### TASK
Below are some entries. Transcribe the lines from the one holding "Black geometric side" to the one holding "Singer Sewing Machines", inclusive, but not the pictures among them.
++++ EXTRACTED ENTRIES ++++
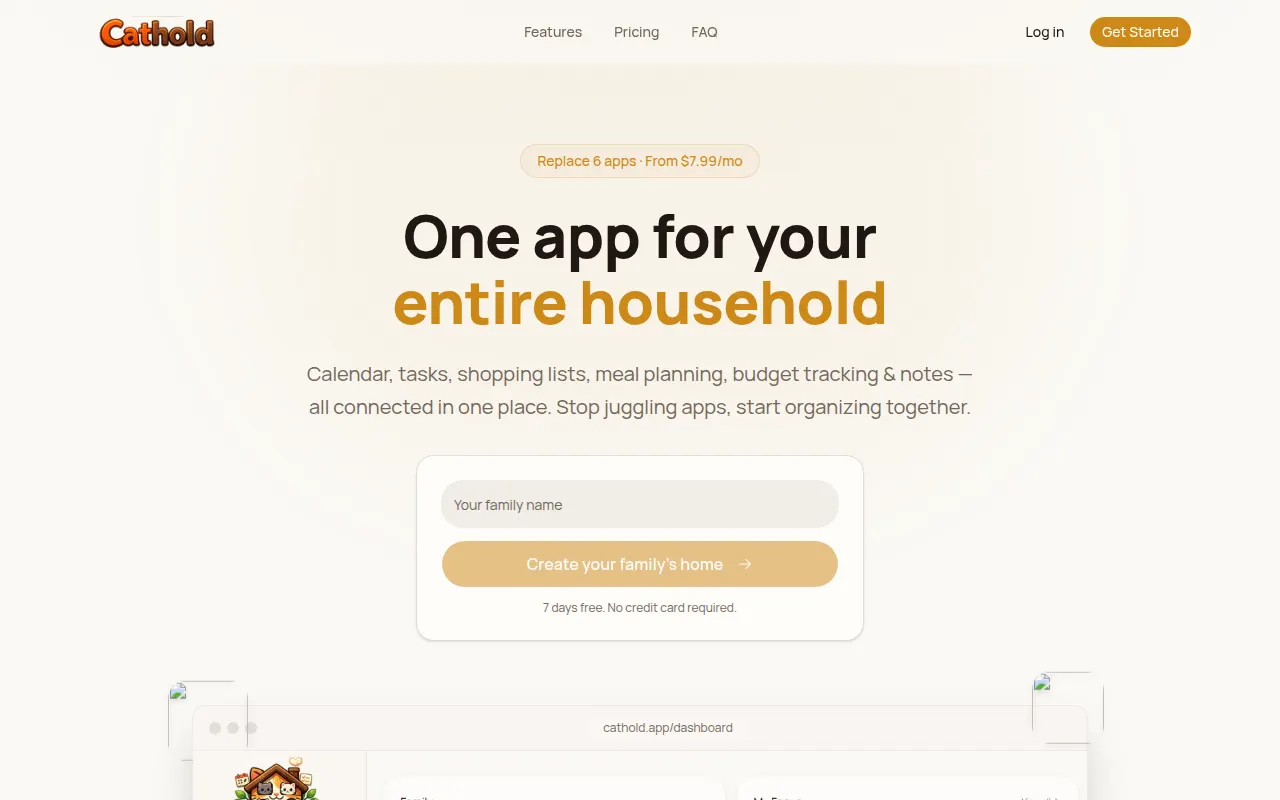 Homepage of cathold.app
++++
++++ EXTRACTED ENTRIES ++++
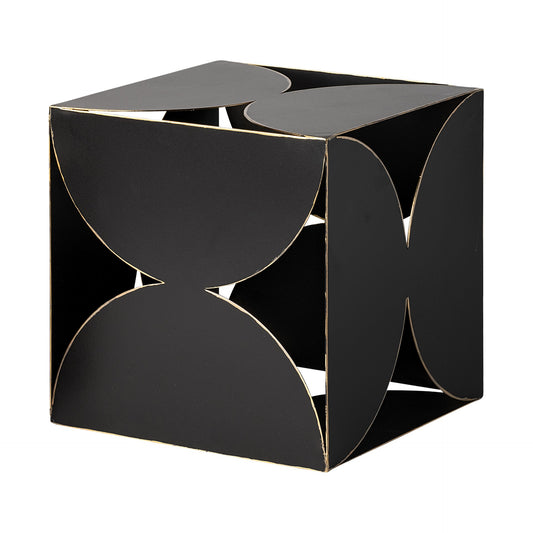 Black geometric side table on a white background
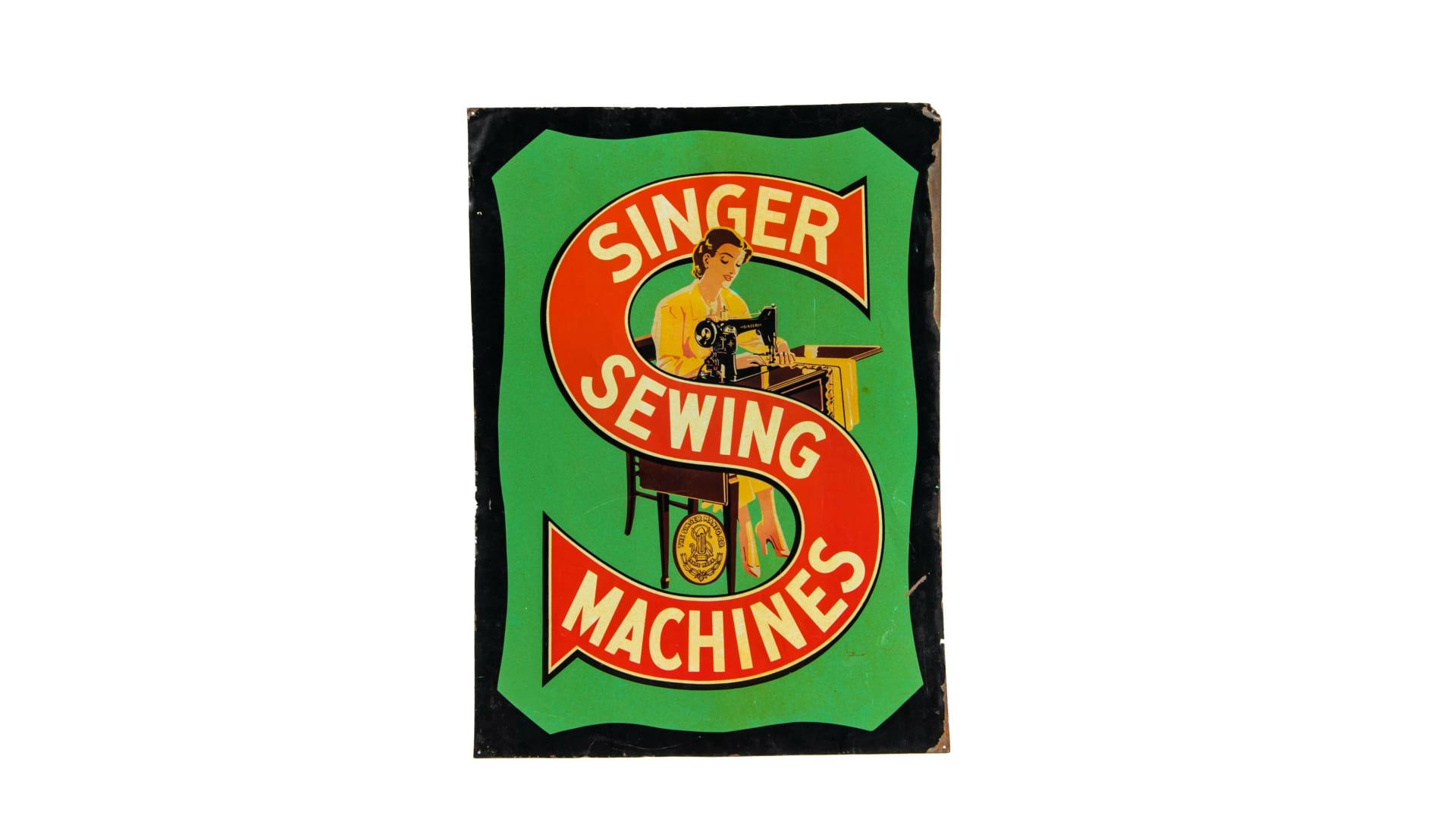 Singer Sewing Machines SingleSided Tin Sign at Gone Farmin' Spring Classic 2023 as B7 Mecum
++++
### SOLUTION TO THE EXERCISE
 Black geometric side table on a white background
 Singer Sewing Machines SingleSided Tin Sign at Gone Farmin' Spring Classic 2023 as B7 Mecum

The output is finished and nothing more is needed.